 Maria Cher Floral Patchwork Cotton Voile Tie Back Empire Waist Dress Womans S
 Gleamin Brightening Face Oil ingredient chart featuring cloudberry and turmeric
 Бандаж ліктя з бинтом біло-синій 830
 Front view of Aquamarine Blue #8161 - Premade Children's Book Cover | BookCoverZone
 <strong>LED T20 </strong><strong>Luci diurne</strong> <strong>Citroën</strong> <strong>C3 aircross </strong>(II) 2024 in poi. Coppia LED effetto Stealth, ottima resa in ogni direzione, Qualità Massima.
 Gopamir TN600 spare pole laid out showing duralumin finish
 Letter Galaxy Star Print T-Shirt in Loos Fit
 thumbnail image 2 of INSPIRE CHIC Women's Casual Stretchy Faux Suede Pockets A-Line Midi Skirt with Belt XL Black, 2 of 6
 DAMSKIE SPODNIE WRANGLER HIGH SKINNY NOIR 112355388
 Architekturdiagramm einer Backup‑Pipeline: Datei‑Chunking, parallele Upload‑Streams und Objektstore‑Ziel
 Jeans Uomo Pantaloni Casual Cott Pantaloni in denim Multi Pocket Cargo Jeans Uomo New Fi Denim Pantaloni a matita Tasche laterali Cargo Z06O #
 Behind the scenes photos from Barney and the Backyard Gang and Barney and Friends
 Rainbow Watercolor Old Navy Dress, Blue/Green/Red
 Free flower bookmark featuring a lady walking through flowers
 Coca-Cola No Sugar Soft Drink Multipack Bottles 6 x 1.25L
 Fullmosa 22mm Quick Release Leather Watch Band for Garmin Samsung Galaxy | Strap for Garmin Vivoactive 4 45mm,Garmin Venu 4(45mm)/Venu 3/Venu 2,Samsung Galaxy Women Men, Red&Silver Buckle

- **WORK TO BE COMPLETED**
In the listing above, locate each line with "featuring" and copy it.

- **ANSWER TO THE EXERCISE**
 Gleamin Brightening Face Oil ingredient chart featuring cloudberry and turmeric
 Free flower bookmark featuring a lady walking through flowers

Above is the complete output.